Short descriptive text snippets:

↓

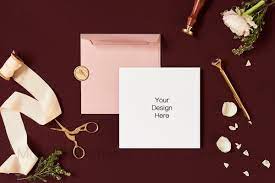 A blank card and an envelope with a red rose lying on a wooden surface. Square Wedding Invitation Mockup Red Square Wedding Invitations Invitation Mockup Wedding Invitations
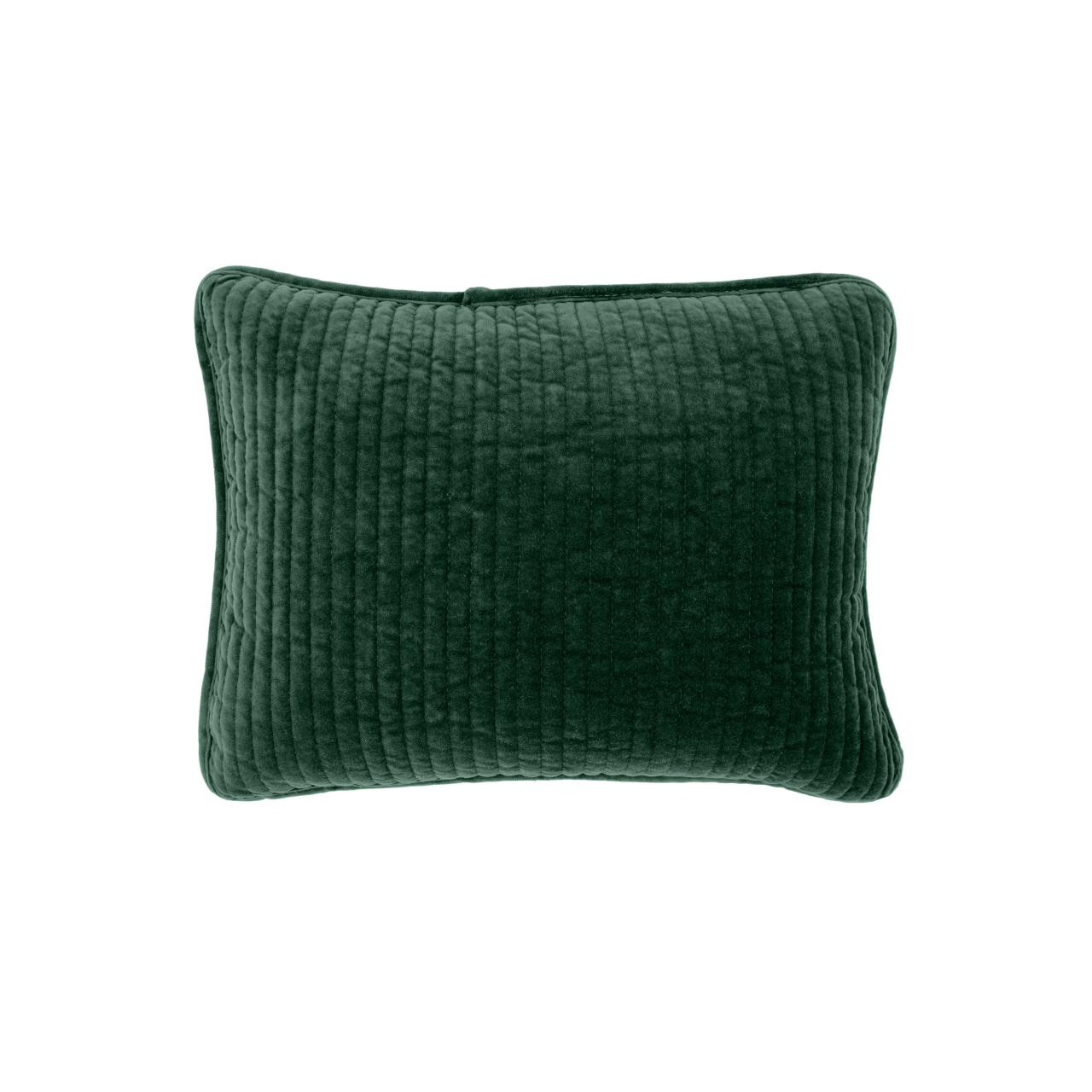 Stonewashed Cotton Emerald Velvet Boudoir Pillow by HiEnd Accents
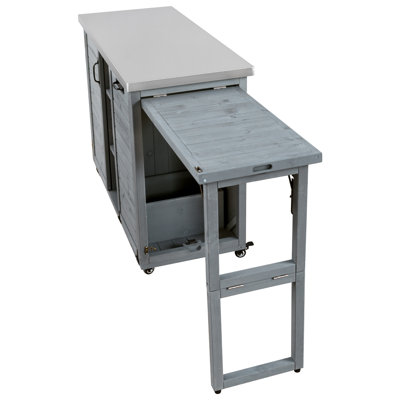 78.3" Outdoor Kitchen Island with Foldable Grill Table, Wooden Outdoor Grill Cart with Trash Can Storage & Stainless Steel Top, Outdoor Bar Cart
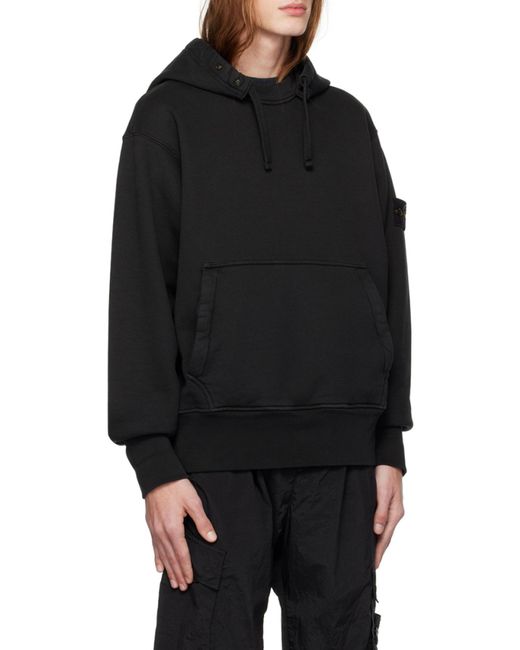 Stone Island Black Compass Patch Drawstring Hoodie for men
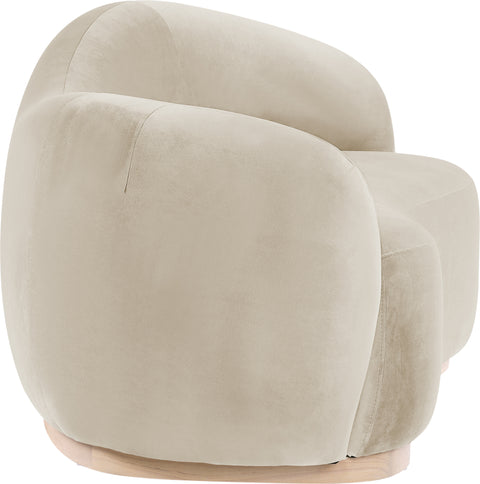 Selene 72.5" Cream Velvet Upholstered Loveseat, 1 Piece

↑

◆ **Exercise directions**:
Please print the entries shown above again, exactly, and skip the pictures.

◆ **Exercise response**:
 A blank card and an envelope with a red rose lying on a wooden surface. Square Wedding Invitation Mockup Red Square Wedding Invitations Invitation Mockup Wedding Invitations
 Stonewashed Cotton Emerald Velvet Boudoir Pillow by HiEnd Accents
 78.3" Outdoor Kitchen Island with Foldable Grill Table, Wooden Outdoor Grill Cart with Trash Can Storage & Stainless Steel Top, Outdoor Bar Cart
 Stone Island Black Compass Patch Drawstring Hoodie for men
 Selene 72.5" Cream Velvet Upholstered Loveseat, 1 Piece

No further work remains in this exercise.